#### DATA RECORDS ####

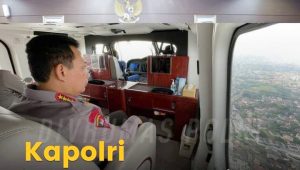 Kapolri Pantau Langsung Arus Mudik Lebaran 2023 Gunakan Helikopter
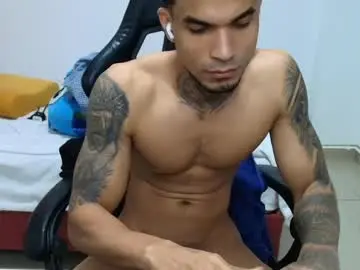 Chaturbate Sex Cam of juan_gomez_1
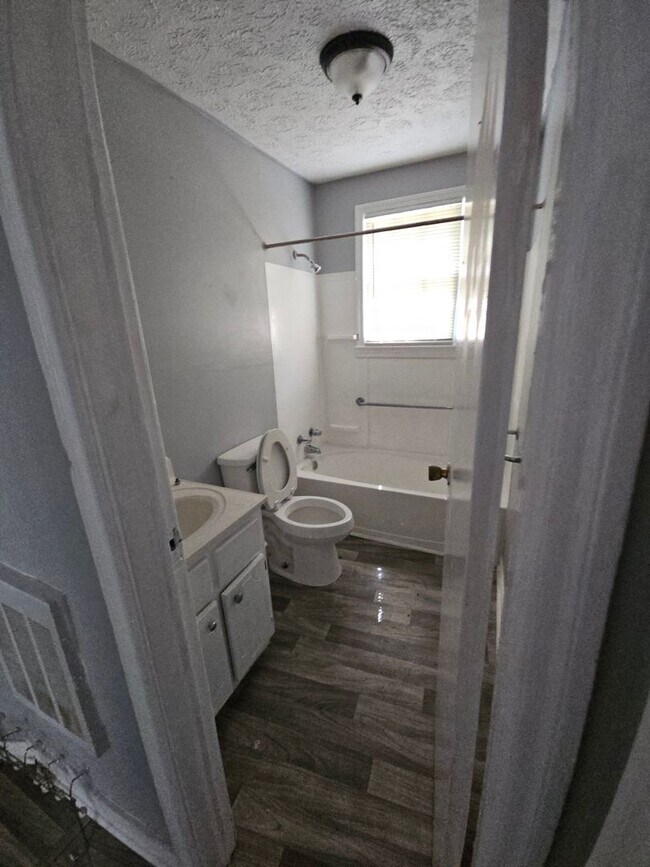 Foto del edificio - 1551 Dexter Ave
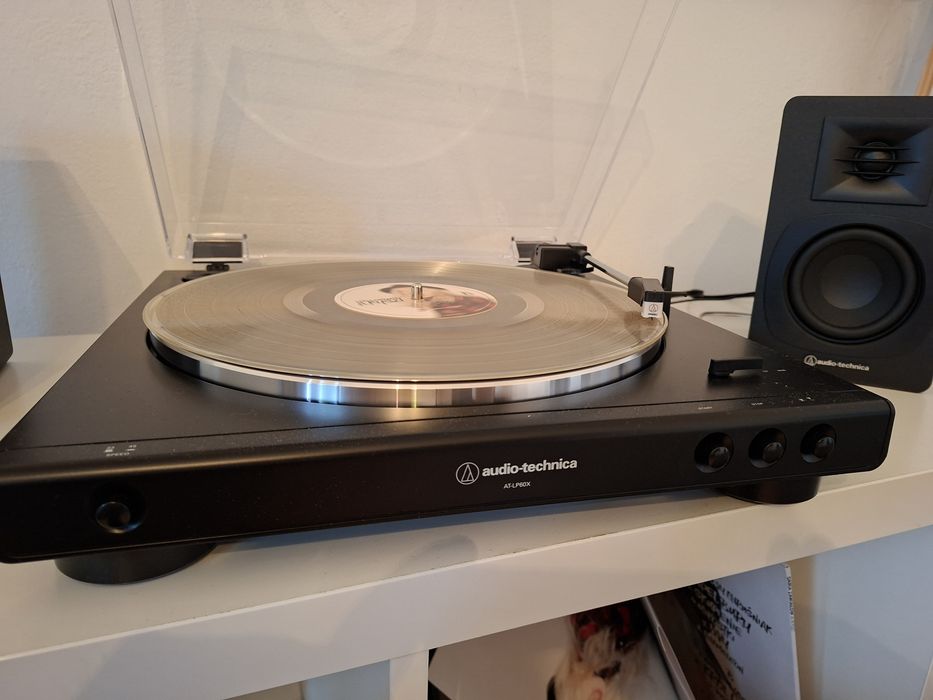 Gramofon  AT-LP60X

####
#### DATA RECORDS ####

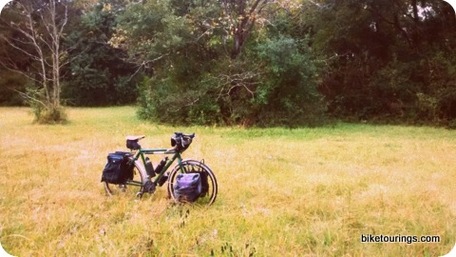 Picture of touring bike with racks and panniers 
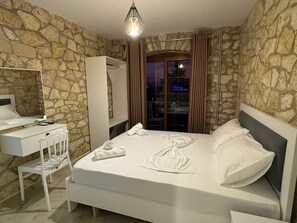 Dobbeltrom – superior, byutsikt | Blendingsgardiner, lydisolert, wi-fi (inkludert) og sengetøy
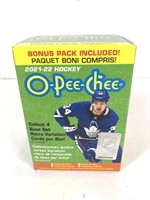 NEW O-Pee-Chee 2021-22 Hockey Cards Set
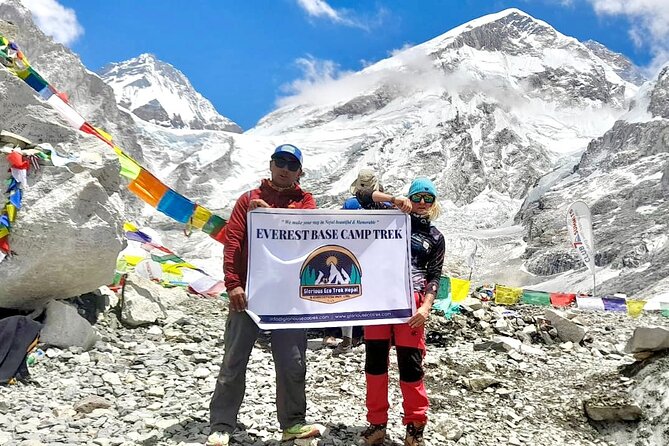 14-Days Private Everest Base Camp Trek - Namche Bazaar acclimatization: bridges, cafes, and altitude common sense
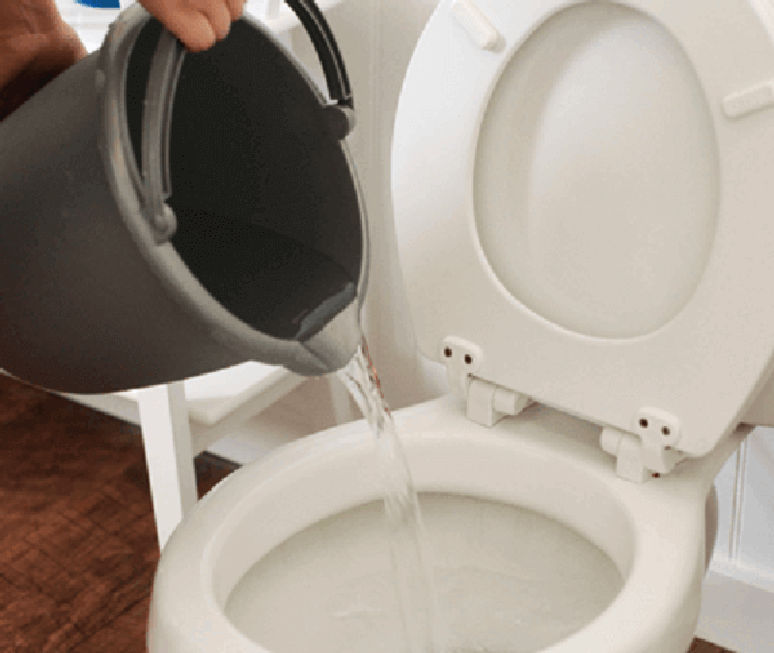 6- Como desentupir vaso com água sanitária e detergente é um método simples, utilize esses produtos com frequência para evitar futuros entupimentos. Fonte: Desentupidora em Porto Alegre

####

[DIRECTIONS] From the records above, transcribe only the stretch from the line with "Dobbeltrom – superior, byutsikt" through the line with "6- Como desentupir", keeping both ends. Omit pictures.

[PROBLEM SOLUTION]
 Dobbeltrom – superior, byutsikt | Blendingsgardiner, lydisolert, wi-fi (inkludert) og sengetøy
 NEW O-Pee-Chee 2021-22 Hockey Cards Set
 14-Days Private Everest Base Camp Trek - Namche Bazaar acclimatization: bridges, cafes, and altitude common sense
 6- Como desentupir vaso com água sanitária e detergente é um método simples, utilize esses produtos com frequência para evitar futuros entupimentos. Fonte: Desentupidora em Porto Alegre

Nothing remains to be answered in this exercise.